Review By: Straybolt | Posted: 25/10/2007
The Final Word There's only one way to describe Tarr Chronicles. Take the words Run, of, the and Mill then combine them in a linear order.
I miss the days of Descent: Freespace and Freespace II. Of X-Wing Vs. Tie Fighter and of decent space sim games in general. So I'm always interested to see if a new one pops up on my scanners. Tarr Chronicles did and it's a bitter-sweet symphony that's playing on my monitor and speakers.

Ok, let's cut to the chase. Tarr Chronicles is a space sim in the traditions of the aforementioned sim-greats that tries to ape those games and fails miserably in certain areas. It's not that it's a bad game; it's just not a very good game either. It falls between the two in some kind of semi-happy balance.

The story is a typical science fiction military one, big ship catapulted into the far reaches of space but devoid of nosey, nasal Captain Janeway thankfully and packed with state of the art military hardware. The ship must fight a Universe Threatening big-bad so everyone can go home to happy fluffy bunny-land for tea and cake time. (Note: there is no happy fluffy bunny-land and the cake is a lie)

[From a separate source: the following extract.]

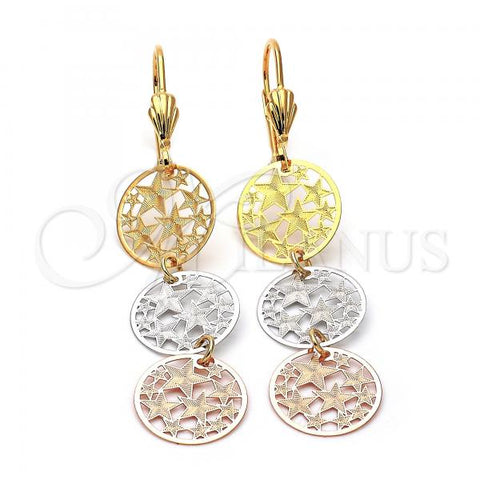 Oro Laminado Long Earring, Gold Filled Style Star Design, Polished, Tricolor, 5.098.005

The problem with the story is that it makes very little sense, along with the horribly written dialogue and characters that are about as three dimensional as a squirrel that's been run over by a big lorry, sorry, truck for all the Americans out there. Tarr Chronicles tells the story through briefings, journals and sometimes in-mission exposition that isn't so easy to follow due to the previously mentioned horrid writing.

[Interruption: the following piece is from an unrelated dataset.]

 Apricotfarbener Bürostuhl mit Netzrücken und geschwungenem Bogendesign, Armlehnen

I could write a better story about the squirrel's day at work before his life is cut short by a tragic vehicle related accident.

There's also no characterisation in the game, its card-board cut-out generic. Your character just seems to be one big excuse to sit you down in a first person view and say: LOOK, we have cockpits in our game, see the shiny pretty lights and dials!

That aside, we're not out of the woods yet Flyboy! Oh no, because the game is linear, it's so linear that if you happen to sneeze in the wrong place in a mission you end up failing the objective and the mission. Overshoot a marker by too much, fail. You will find that you have to complete objectives in a certain order; the game won't let you shoot those targets until it's TIME to do SO!

On one hand it's nice to see a return to simpler times, but perhaps I've been spoiled by the free-roaming space games of late that stress a sandbox environment. There are nine of these linear levels, fairly long too and broken up into checkpoints where the game replenishes your stock of ammo and so on. The objectives are the usual run of the mill, patrol, escort and 'shoot the bad guy' types.

The AI is fairly decent, it reminds me of the Freespace days where some of the enemy ships zip around so quickly and have sharp AI that they're a real challenge, this is one of the reasons the game's not in the 'bored with it yet' pile. Your wingman AI isn't bad either and they can sometimes net a couple of kills, the main focus of these guys to me was to draw the enemies' fire and keep me safe however.

Yes, I know, that's not very nice of me but tough.